Body shaming is an issue faced by female athletes not just across the AFLW but also across the wider sporting landscape.
Sydney Swans AFLW general manager Kate Mahoney has previously held high-level sports science and physiotherapy positions with the Australian women’s cricket team and the Women’s Tennis Association and said a shift of thinking was required.
“To perform in all different sports requires all different body compositions and sometimes people judge women far too quickly and really unfairly on how they look rather than how they perform,” Mahoney said.
“Players are focusing on performance. They’re measuring themselves on things like power or speed or endurance or whatever they need for their sport.”

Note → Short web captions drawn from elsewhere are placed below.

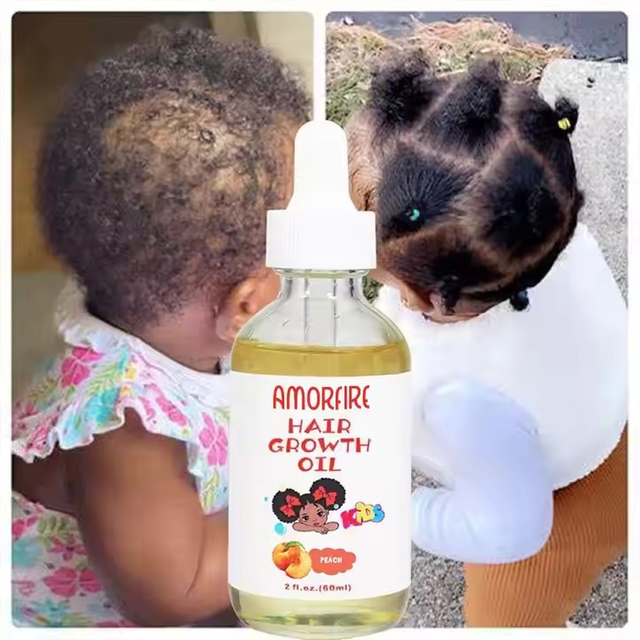 Baby Hair Growth Oil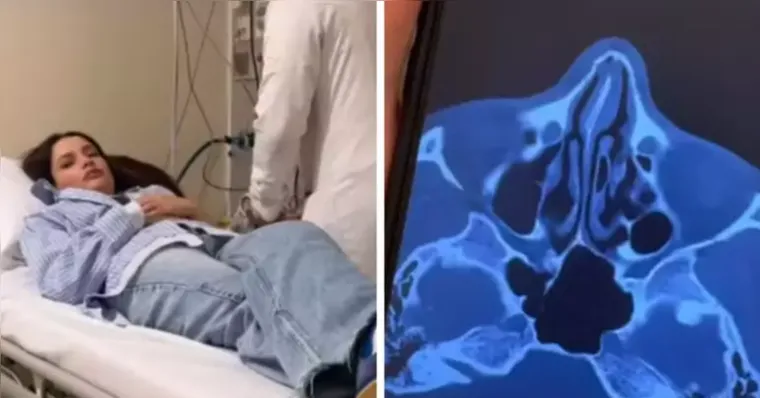Imagem ilustrativa da notícia Juliette fratura o nariz após acidente doméstico: "Meio torto"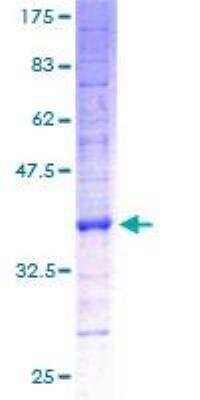 SDS-PAGE: Recombinant Human ATP synthase C mature GST (N-Term) Protein [H00000516-P01]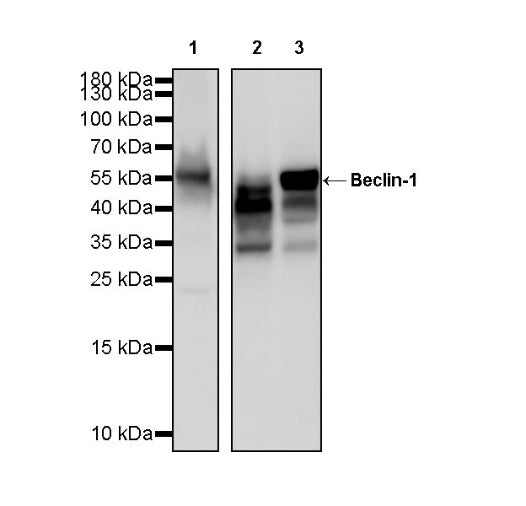 Beclin-1 Recombinant Rabbit mAb (S-761-15)
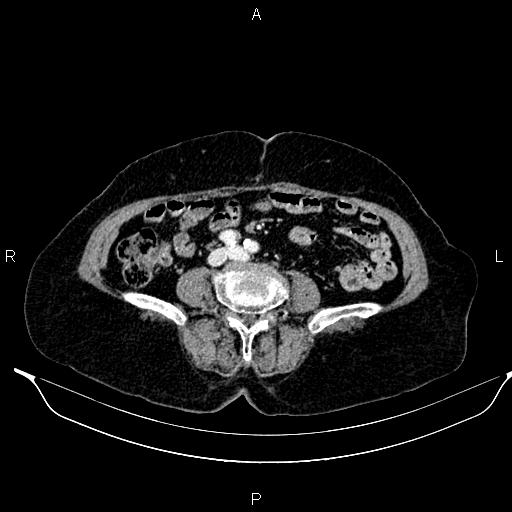 File:Abdominal aortic aneurysm (Radiopaedia 85063-100606 Axial C+ portal venous phase 48).jpg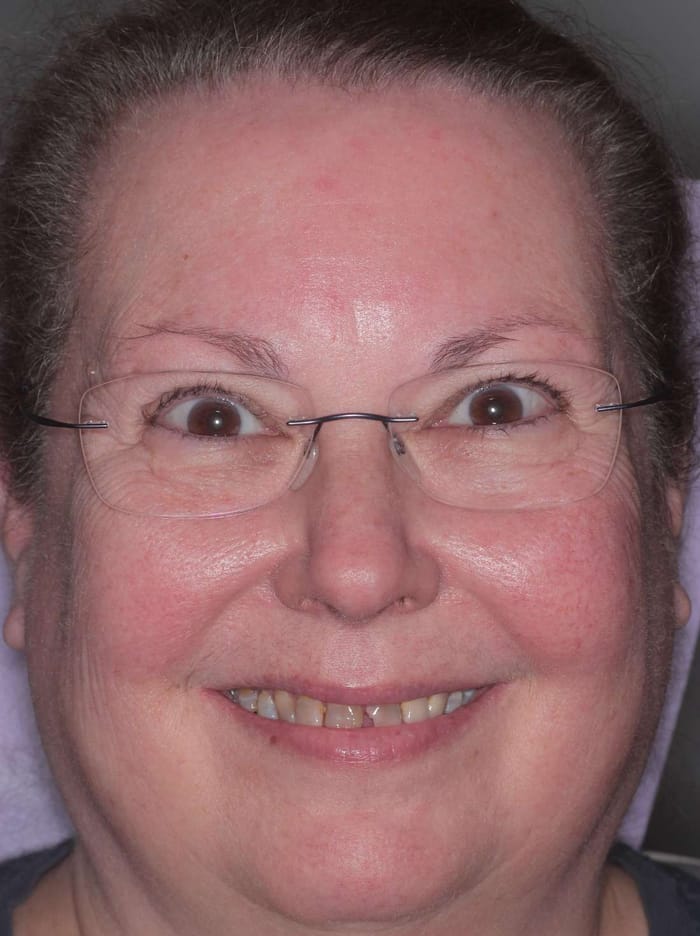 A woman's chipped, worn and discolored teeth before her smile makeover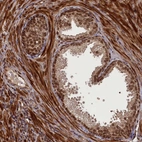 Immunohistochemical staining of human prostate shows strong nuclear positivity in glandular cells.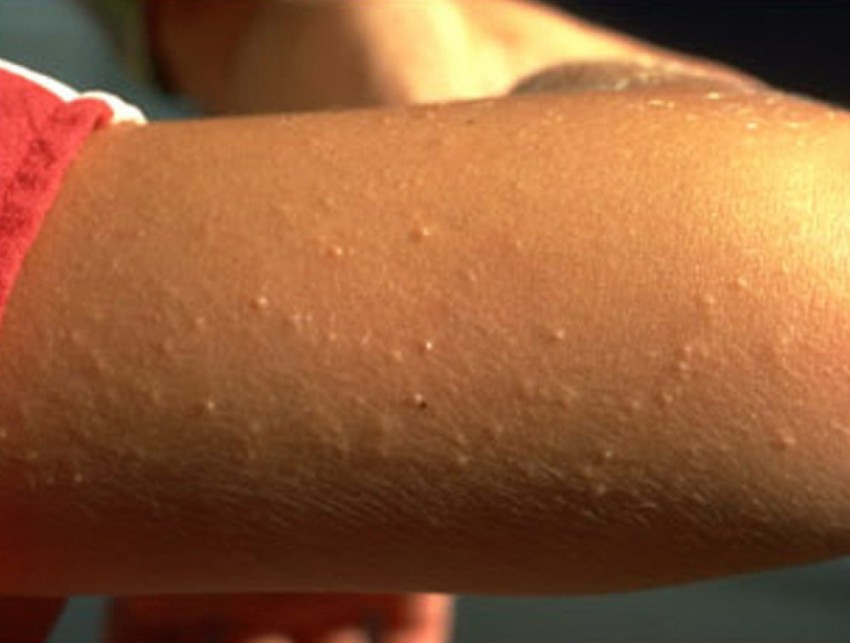 Гусиная кожа: причины появления, методы избавления и основные симптомы заболевания (120 фото и видео)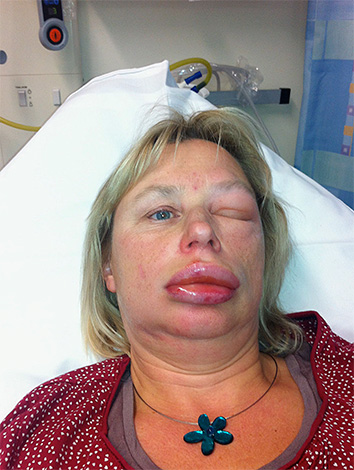 Avec les piqûres d'insectes, les tissus enflés peuvent réduire la perméabilité des voies respiratoires, ce qui crée une réelle menace d'étouffement, lorsqu'une issue fatale n'est pas exclue.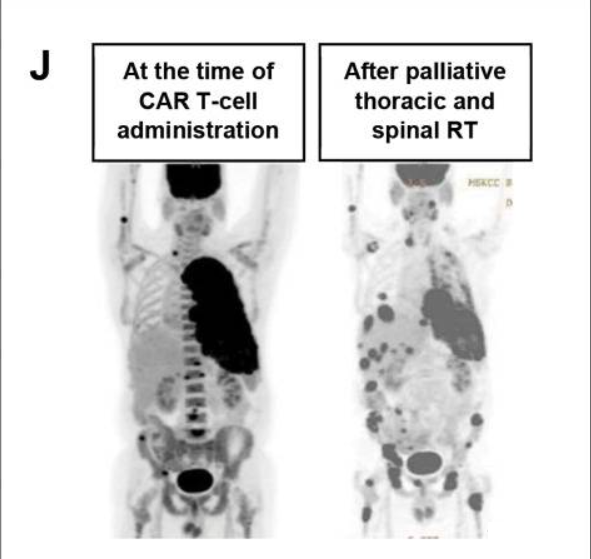 CART联合PD1治疗上皮样间皮瘤的效果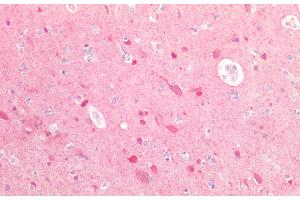 Detection of UBQLN2 in Human Brain Tissue using Polyclonal Antibody to Ubiquilin 2 (UBQLN2) (Ubiquilin 2 antibody  (AA 33-126))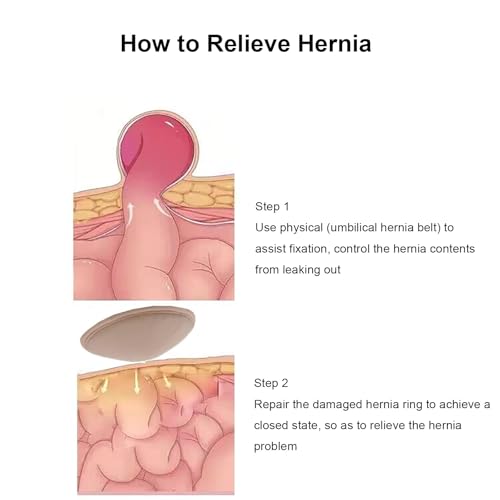 Cinturón para Hernia Umbilical con Soporte y Almohadilla Mediano miniatura 6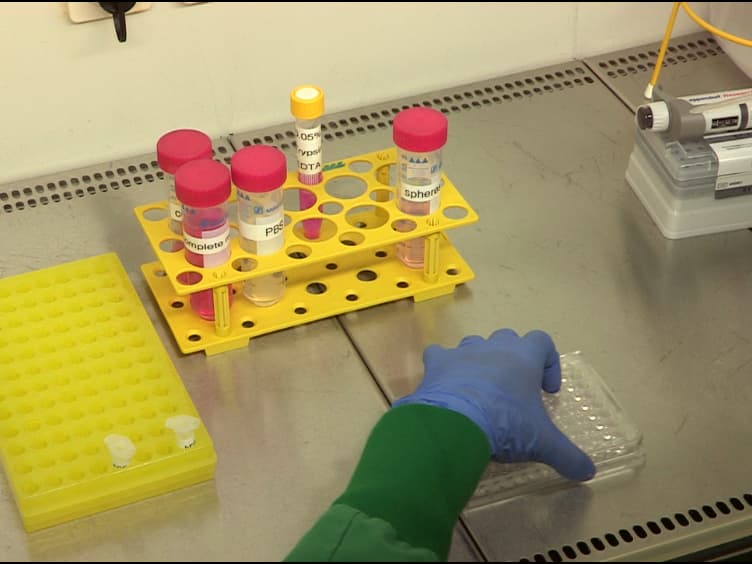Evaluation of Stem Cell Properties in Human Ovarian Carcinoma Cells Using Multi and Single Cell-based Spheres Assays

Mahoney said it had to be remembered that some players entering the fledgling AFLW competition in recent years had not had remotely comparable talent pathways to their male counterparts.
“The pathways in the female game have only been established in the past five years or so where they have access to strength and conditioning coaches and running coaches and really good football coaches,” Mahoney said.
“Bodies take time to adjust and adapt and we’re seeing the results of that now with some really fantastic athletes out on the field.”
An Adelaide premiership player in 2017, Perkins is now with Hawthorn and has been one of the most watchable and celebrated players in the AFLW across its seven seasons.
Her message to the trolls is simple.
“Just think before you speak and you never know what’s going on in someone else’s mind or the troubles that they are having,” Perkins said.
“Just be kind to one another and let’s start bringing people up rather than trying to tear them down for the way that they are or who they are as a person.”